The coding of ADC in the N76E003AT20 microcontroller interfacing to read the analog voltage on the AN0 pin is given below.
Code
#include “N76E003.h”
#include “SFR_Macro.h”
#include “Function_define.h”
#include “Common.h”
#include “Delay.h”
#include “lcd.h”
#define bit_to_voltage_ratio 0.001220703125 // 5.0V divided by 4096 For 12-Bit ADC
void setup (void);
unsigned int ADC_read(void);
float voltage;
char str_voltage[20];
void main(void){
int adc_data;
setup();
lcd_com (0x01);
while(1){
lcd_com (0x01);
lcd_com (0x80);
lcd_puts(“ADC Data: “);
adc_data = ADC_read();
lcd_print_number(adc_data);
voltage = adc_data * bit_to_voltage_ratio;
sprintf( str_voltage, “Volt: %0.2fV”, voltage);
lcd_com(0xC0);
lcd_puts(str_voltage);
Timer0_Delay1ms(500);
}
}
void setup (void){
Set_All_GPIO_Quasi_Mode;
lcd_init();
Enable_ADC_AIN0;
lcd_com (0x80);
LCD_ScrollMessage(“Welcome “);
lcd_com (0x80);
lcd_puts(“ADC interfacing”);
lcd_com (0xC0);
lcd_puts (“With N76E003 mcu”);
Timer3_Delay100ms(5);
}
unsigned int ADC_read(void){
register unsigned int adc_value = 0x0000;
clr_ADCF;
set_ADCS;
while(ADCF == 0);
adc_value = ADCRH;
adc_value <<= 4;
adc_value |= ADCRL;
return adc_value;
}
Explanation:
- The Enable_ADC_AIN0 setup function sets the AIN0 input pin of the ADC and configures the registers ADCCON1, ADCCON0 and AINDIDS.
- Then the registers ADCRH and ADCRL will read the ADC value with a resolution of 12-bit.
- Then the bits for 4 times are shifted left and added to the data variable. In its main function, the ADC reads the data and displays it on the LCD screen directly. However, voltages are also converted using voltage ratios or voltage values divided by bit values. A 12-bit ADC provides 4095 bits at an input voltage of 5.0V. (That means 5.0V / 4095 = 0.001221V, a small change by 1 bit is approximately equal to a change by 0.001V).
- The function sprintf is used for converting the data from the bit value to the voltage value.
Working:
When the potentiometer POT1 is turned or varied, the voltage applied to the ADC pin (AIN0 pin) also changes. Then the ADC value and the analog voltage value will be displayed on the 16×2 character LCD. In this way, the ADC peripheral in the N76E003AT20 microcontroller interfacing is used to read the analog voltage on the analog channel input pin.
Please refer to this link to know more about N76E003AT20 Microcontroller Datasheet.

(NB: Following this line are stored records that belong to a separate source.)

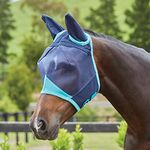 WeatherBeeta ComFiTec Fine Mesh Mask with Ears, Navy/Turquoise, Pony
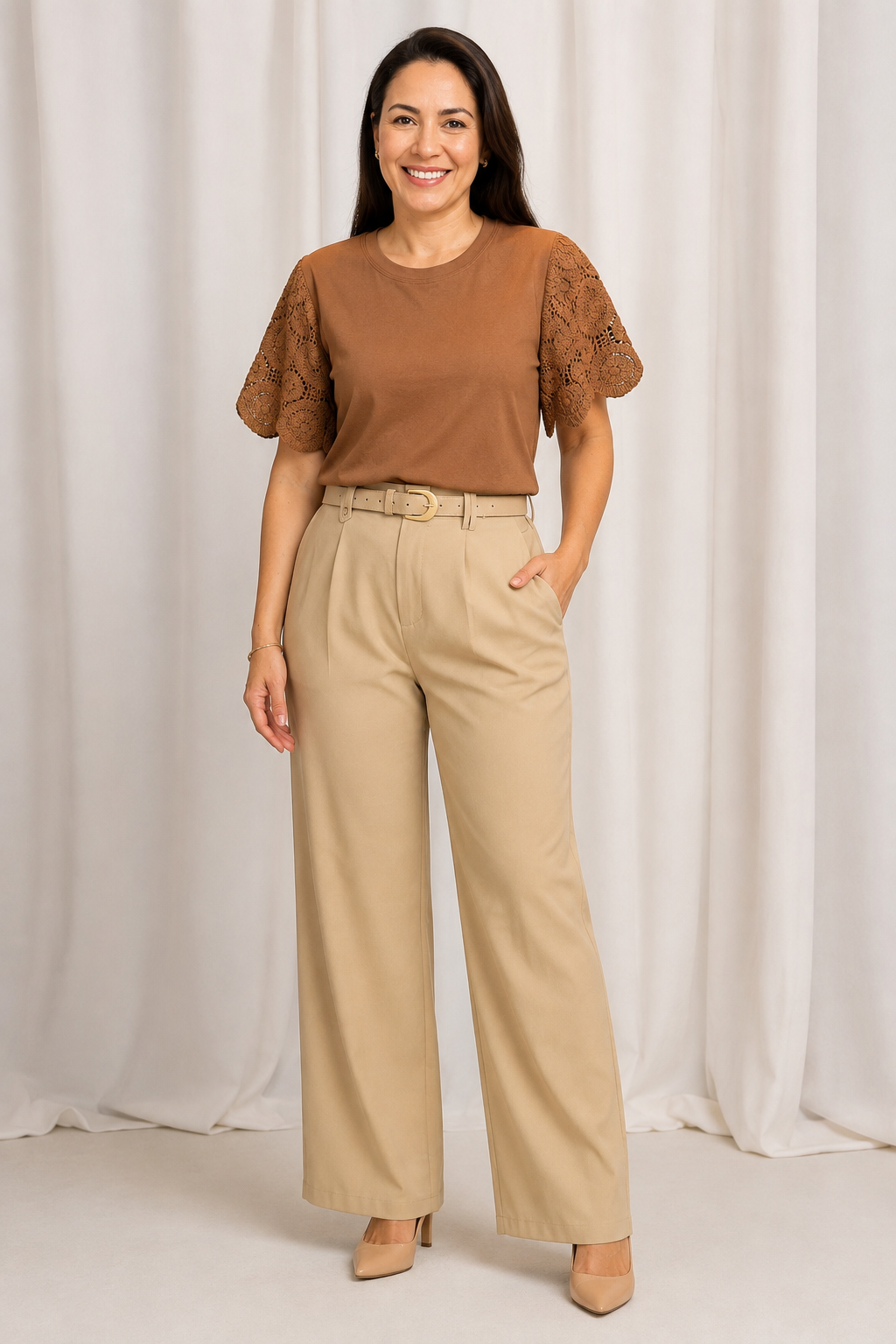 Blusa Confortável com Manga em Crochê Geisa Marrom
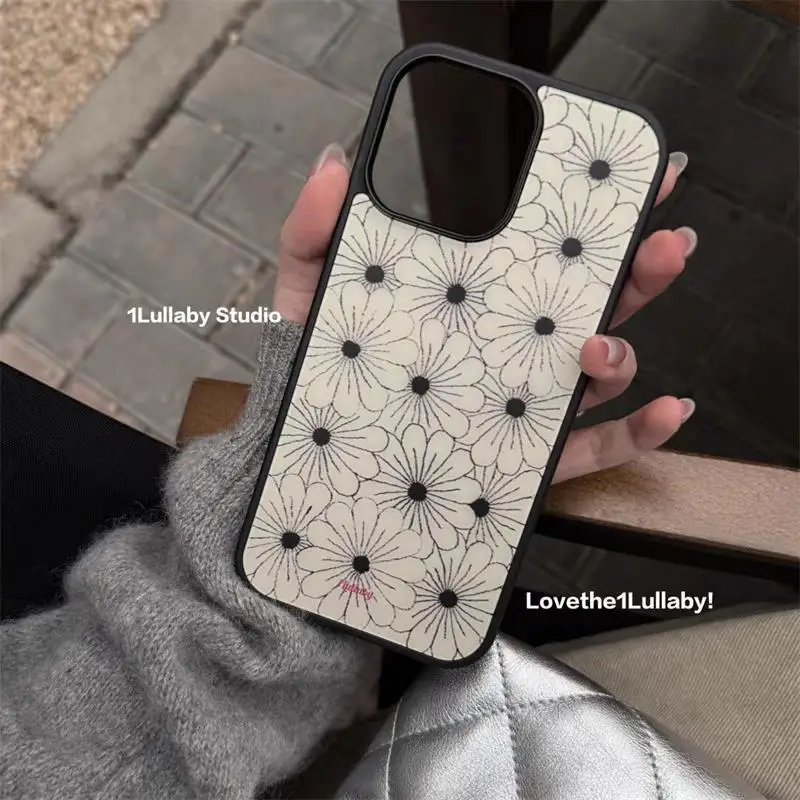 Korean Minimalist Daisy Floral Phone Case for iPhone Air 17 16 15 14 13 12 11 Pro Max VintageShockproof Protective Cover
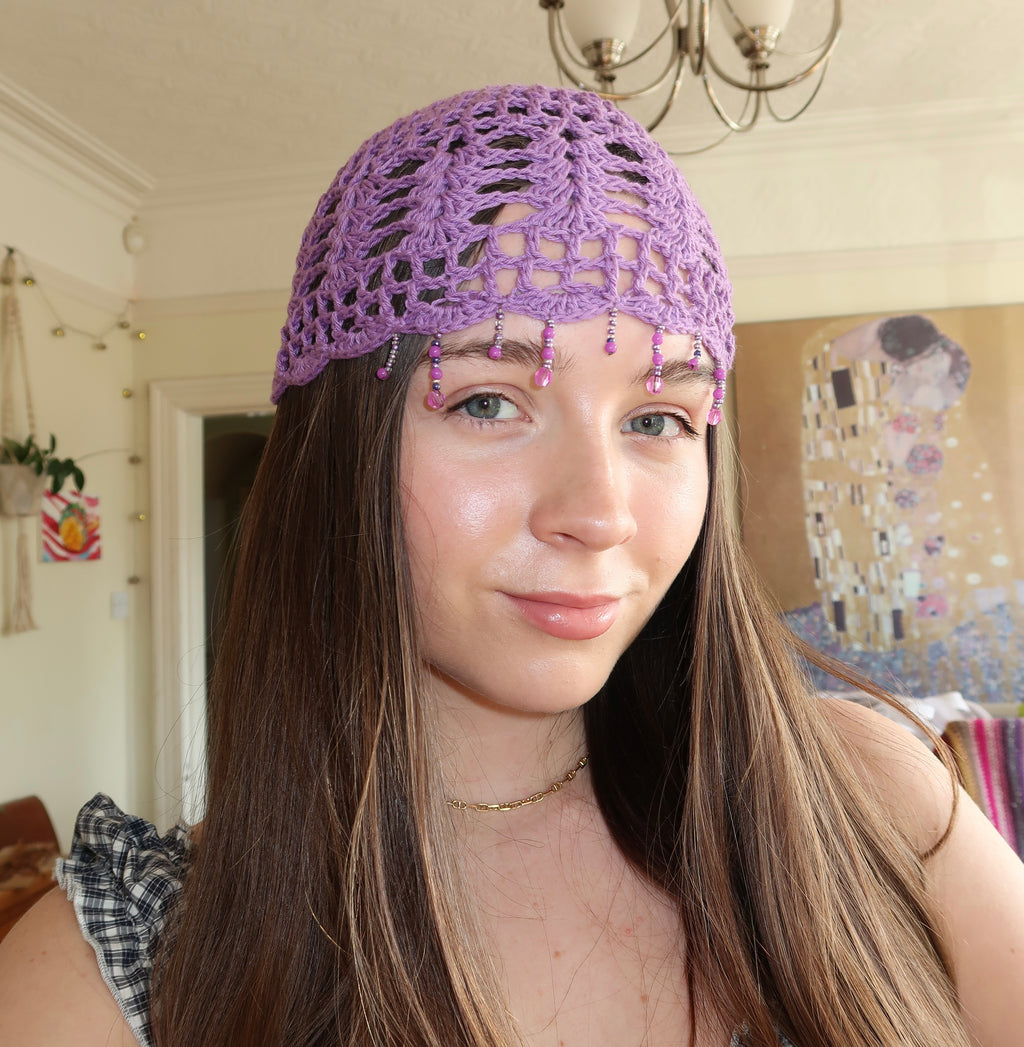 Purple sparkly beaded crochet mesh hat
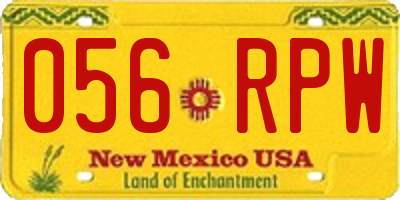 NM license plate 056RPW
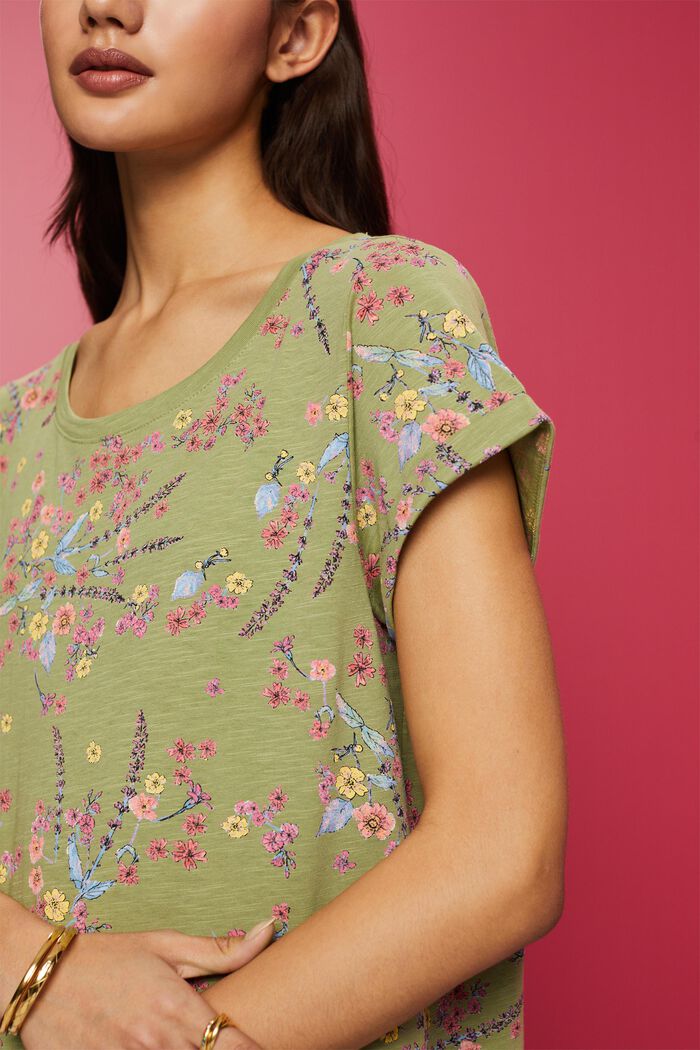 Puuvillainen t-paita kukkapainatuksella, PISTACHIO GREEN, detail image number 2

Thus, this is all about an overview of the block diagram and programming ADC peripheral of the N76E003AT20 microcontroller. The fault brake in this microcontroller is implemented in fusion with the PWM circuit enhancement used to protect the motor from damage by providing the fault detection input. This MCU is widely used in battery chargers, access control systems, thermostats, Bluetooth speakers, small home appliances, data collection systems, electric meters, motor control, industrial applications, etc. Check the datasheet link given above to understand how to control the Brushless DC motor with the Nuvoton N76003AT20 microcontroller.